It was long thought that the inhospitable terrain of CHARNWOOD, including heavy clay solid and thick forests, had deterred settlement by early man. But archaeological evidence, much of it discovered quite recently, has reinforced the importance of the Soar and Wreake Valleys as early routeways, especially from the Iron Age onwards.

The earliest archaeological find in the whole of CHARNWOOD is from RATCLIFFE ON THE WREAKE, near SHIPLEY HILL. This is a flint hand axe dating from the early Stone Age (250,000 - 8,000 BC). However, as this is such an isolated find, it is extremely unlikely that there were any settlements here at that time. It would be fascinating to know how it came to be there. A Stone Age hunter lost in alien territory perhaps? Or possibly lost during an exploration to find new hunting grounds? Whatever the reason, it's owner did not stay. There are also a few finds from the later MESOLITHIC hunting parties in the early post-glacial period, again, probably from hunting parties rather than residents. Evidence of their presence is found in characteristic flints which have been found in WANLIP, BUDDON WOOD and QUORN.
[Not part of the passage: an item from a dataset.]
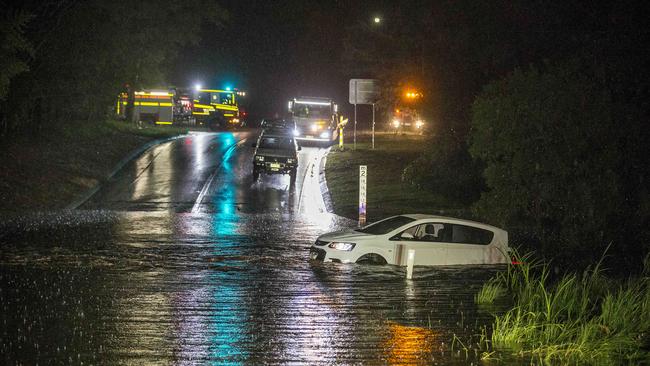 A vehicle stranded in water at Hardys Rd in Bonogin. Picture: Jerad Williams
Hunters by their very nature were often nomadic, especially this far north. Scarcity of prey would necessitate a continual search for food and any settlements would probably be more like camp sites than villages. Permanent settlements indicate a change from a hunter-gatherer lifestyle to one based on farming and the domestication of animals. So it is logical that the earliest evidence of settlements woudl be found after the arrival of farmers in Britain around 4,000 BC - the start of the NEOLITHIC period. Despite a lack of NEOLITHIC monuments, distinctive polished stone axes of the period have been found in the Soar Valley, made from CHARNWOOD rock. These were also traded and have been found as far afield as Norfolk and the Peak District. REARSBY has a circle of pits - probably the remnants of wooden poosts forming a "henge" type monument - and also a small number of NEOLITHIC "BEAKER" finds dating from around 2,000 BC.